2.6. NF-κB Signaling

The NF-κB/Rel proteins include NF-κB2 p52/p100, NF-κB1 p50/p105, c-Rel, RelA/p65, RelB, and others. These proteins function as dimeric transcription factors, primarily regulating the transcription of genes involved in a wide range of biological processes such as apoptosis, angiogenesis, inflammation response, cell survival, inflammation, stress response, B-cell development, and lymphoid tissue formation [79,80,81,82,83,84].
The activation of NF-κB (p65) and Sonic Hedgehog pathways in PCa is positively correlated, and the overexpression of NF-κB(p65), SHh, and GLI1 is observed in aggressive PCa tissue cores featuring a high Gleason score and advanced clinical stage. These pathways play key roles in the progression of advanced PCa and are potential targets for therapeutic intervention [85].
The involvement of NF-κB signaling in the onset and maintenance of CRPC is considerable, irrespective of whether it is due to abnormal AR activity or AR-independent mechanisms [86]. Moreover, NF-κB plays a crucial role in the development of treatment resistance and metastasis in PCa. Specifically, the RelB-activated noncanonical NF-κB pathway could prolong and enhance NF-κB activity [87].

2.7. Cell Cycle Pathway

RB1 loss is detected in 21% of PCa cases [36]. Focal amplifications involving CCND1 (9%), as well as less frequent (<5%) events affecting CDKN2A/B, CDKN1B, and CDK4, are observed in mCRPC [36]. Disruptions in the cell cycle, such as CCND1 amplification or CDKN2A/B loss, may lead to an increased responsiveness to CDK4 inhibitors, as observed in other tumor types [27]. Pre-clinical findings indicate that selectively targeting CDK4/6 represents a therapeutic approach for both early-stage and advanced prostate PCa [92]. Mutations or deletions of TP53 and RB1 are more prevalent in metastatic than in localized PCa [10,36], and these alterations are associated with a poorer clinical outcome and aggressive behavior [35,66,67,93,94].

2.8. DNA Repair Pathway

Alterations in the DNA repair pathway are more frequent in mCRPC than in localized PCa or CSPC [10,36]. Genetic abnormalities associated with the DNA damage response (DDR) are observed in approximately 23–28% of mCRPC cases, including both germline and somatic variants [10,11,20,28,29,30].

2.8.1. HRR Genes

Among common gene abnormalities, BRCA2 and ATM mutations constitute a significant majority [28]. In advanced PCa, BRCA2 (7–13%), BRCA1 (0–1%), ATM (5–7%), and CDK12 (4–6%) exhibit frequent mutations [36,51,52,95]. The prevalence of pathological variants in BRCA1/2 and ATM varies across different stages of PCa [10,36,76,96]. ATM alterations are associated with a poor prognosis; germline mutations are linked to higher tumor grades and lethal PCa [97,98,99]. CDK12 alterations are associated with aggressive clinical features and a poor prognosis in mCRPC [100]. In a study of PCa patients who underwent radical prostatectomy or localized radiation therapy, both metastasis-free survival and disease-specific survival were significantly shorter in patients with BRCA mutations than in non-carriers [101]. In localized PCa, BRCA2 germline mutations are associated with early-onset, high-grade tumors and a poor prognosis [101,102]. BRCA2 alterations are enriched in mCRPC relative to their frequency in mCSPC [35].

2.8.2. MMR Genes and Microsatellite Instability (MSI)
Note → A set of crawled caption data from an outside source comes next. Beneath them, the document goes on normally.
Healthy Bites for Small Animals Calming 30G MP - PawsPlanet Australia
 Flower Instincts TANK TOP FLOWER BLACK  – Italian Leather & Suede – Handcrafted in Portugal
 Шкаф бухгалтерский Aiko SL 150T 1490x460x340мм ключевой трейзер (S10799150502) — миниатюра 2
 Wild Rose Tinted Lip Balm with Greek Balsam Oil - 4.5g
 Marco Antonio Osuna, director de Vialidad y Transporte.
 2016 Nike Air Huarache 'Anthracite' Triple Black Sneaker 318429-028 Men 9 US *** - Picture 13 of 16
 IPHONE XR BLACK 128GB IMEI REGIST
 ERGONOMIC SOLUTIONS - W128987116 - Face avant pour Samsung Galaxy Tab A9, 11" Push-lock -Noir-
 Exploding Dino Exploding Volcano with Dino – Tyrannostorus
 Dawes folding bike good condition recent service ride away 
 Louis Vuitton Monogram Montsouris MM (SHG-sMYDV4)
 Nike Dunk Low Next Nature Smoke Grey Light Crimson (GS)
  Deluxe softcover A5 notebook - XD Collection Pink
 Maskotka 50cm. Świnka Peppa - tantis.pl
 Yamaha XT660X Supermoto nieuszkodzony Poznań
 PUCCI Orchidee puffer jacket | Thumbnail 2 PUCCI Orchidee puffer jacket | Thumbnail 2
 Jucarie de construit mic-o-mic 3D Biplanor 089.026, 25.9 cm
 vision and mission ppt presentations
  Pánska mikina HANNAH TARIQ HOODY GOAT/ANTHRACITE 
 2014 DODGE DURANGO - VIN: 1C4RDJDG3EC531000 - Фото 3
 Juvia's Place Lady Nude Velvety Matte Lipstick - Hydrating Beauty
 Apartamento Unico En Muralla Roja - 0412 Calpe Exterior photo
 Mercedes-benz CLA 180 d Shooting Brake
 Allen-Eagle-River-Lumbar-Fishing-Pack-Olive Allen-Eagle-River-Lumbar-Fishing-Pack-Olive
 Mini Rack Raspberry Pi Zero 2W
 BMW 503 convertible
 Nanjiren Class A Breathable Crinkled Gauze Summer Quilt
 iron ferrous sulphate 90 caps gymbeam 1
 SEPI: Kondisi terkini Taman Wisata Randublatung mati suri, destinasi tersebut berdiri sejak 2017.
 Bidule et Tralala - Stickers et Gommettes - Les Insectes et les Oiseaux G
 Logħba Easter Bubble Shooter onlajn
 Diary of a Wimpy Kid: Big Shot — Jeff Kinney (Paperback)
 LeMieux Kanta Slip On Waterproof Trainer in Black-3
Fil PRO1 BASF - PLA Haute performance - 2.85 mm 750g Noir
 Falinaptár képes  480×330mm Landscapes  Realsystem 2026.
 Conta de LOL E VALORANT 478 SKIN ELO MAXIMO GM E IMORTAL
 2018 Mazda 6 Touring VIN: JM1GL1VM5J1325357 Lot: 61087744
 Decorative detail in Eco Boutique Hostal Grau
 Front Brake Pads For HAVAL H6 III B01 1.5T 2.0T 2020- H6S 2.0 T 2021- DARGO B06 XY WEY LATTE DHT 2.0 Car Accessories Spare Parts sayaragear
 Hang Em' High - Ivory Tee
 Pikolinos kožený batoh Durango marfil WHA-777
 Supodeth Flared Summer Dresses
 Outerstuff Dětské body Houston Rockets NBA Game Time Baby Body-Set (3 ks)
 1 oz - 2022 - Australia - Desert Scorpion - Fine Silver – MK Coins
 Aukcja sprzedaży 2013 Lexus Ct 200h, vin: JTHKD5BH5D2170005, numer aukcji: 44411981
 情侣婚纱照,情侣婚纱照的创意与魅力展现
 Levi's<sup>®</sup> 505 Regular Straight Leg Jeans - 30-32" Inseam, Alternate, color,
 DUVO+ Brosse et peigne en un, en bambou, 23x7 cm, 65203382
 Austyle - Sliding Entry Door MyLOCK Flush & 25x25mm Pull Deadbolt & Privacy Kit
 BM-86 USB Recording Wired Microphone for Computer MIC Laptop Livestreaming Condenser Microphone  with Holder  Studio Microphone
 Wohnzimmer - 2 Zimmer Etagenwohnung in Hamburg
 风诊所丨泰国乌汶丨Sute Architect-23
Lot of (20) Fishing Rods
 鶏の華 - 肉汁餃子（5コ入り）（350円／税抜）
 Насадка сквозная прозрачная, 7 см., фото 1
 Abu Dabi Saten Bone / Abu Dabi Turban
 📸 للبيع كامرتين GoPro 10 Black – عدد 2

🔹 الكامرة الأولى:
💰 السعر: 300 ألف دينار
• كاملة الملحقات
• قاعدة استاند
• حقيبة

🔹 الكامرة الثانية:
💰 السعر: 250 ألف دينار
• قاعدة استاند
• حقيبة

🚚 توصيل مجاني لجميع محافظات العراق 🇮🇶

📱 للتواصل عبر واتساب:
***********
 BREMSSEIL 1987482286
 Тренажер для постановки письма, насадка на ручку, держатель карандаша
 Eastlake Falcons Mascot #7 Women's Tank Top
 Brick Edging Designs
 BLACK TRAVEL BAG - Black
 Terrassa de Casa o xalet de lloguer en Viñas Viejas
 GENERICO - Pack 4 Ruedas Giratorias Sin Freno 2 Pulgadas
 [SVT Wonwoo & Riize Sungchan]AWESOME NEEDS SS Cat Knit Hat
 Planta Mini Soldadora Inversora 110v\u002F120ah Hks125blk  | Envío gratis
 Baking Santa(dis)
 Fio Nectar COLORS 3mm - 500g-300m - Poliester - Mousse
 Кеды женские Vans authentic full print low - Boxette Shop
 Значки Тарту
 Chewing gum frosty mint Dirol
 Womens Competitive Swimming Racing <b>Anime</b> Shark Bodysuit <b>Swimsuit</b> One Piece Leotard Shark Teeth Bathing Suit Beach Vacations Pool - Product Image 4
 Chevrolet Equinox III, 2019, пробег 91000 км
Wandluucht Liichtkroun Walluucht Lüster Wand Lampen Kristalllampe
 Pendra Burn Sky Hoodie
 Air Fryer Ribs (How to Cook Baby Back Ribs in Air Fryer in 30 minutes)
Tumors with MMR gene deficiencies or MSI often exhibit an augmented antitumor immune response characterized by an increased density of tumor-infiltrating lymphocytes (TILs) [114,115]. This phenomenon is attributed to elevated mutation rates and enhanced levels of neoantigens in MMR-deficient tumors. Such neoantigens arise through various mechanisms, including mutant peptides, frameshift mutations, and insertions or deletions (indels) in coding microsatellites [116,117]. These neoantigens are presented on the cell surface by MHC-I molecules, facilitating the T-cell-mediated elimination of tumor cells. Approximately 3–8% of PCa cases, with a germline mutation rate of approximately 1%, are linked to the deficiency of MMR genes, including MSH2, MSH6, PMS2, and MLH1. Such deficiency leads to hypermutation, MSI, and characteristic trinucleotide mutational signatures [28,36,118,119,120,121,122,123]. MMR genes play crucial roles in the recognition and repair of incorrect insertions, deletions, and base misincorporations during DNA replication or recombination [124].

3. Immune Environment

In the context of PCa, the immune environment and hormone therapy involve macrophages/antigen-presenting cells (APCs), CD8-positive cytotoxic T lymphocytes, CD4-positive helper T lymphocytes, and natural killer (NK) cells, all of which recognize and target cancer cells, contributing to antitumor immunity. Several studies have reported on the expression of these cells within prostate tissues; notably, fewer TILs have been identified in poorly differentiated PCa than in benign prostatic hyperplasia, suggesting a potential link between immune cell deficiency and cancer progression. The infiltration of these immune cells within the tumor microenvironment of PCa tissue has also been associated with prognosis; patients with PCa and a higher number of infiltrating TILs tend to have better outcomes than those with fewer infiltrating TILs [134,135,136]. The examination of CD68-positive tumor-infiltrating macrophages (TAMs) in radical prostatectomy specimens of patients with PCa revealed that cases with a higher number of infiltrating cells were associated with a significantly worse prognosis for PSA recurrence than those with fewer infiltrating cells [137].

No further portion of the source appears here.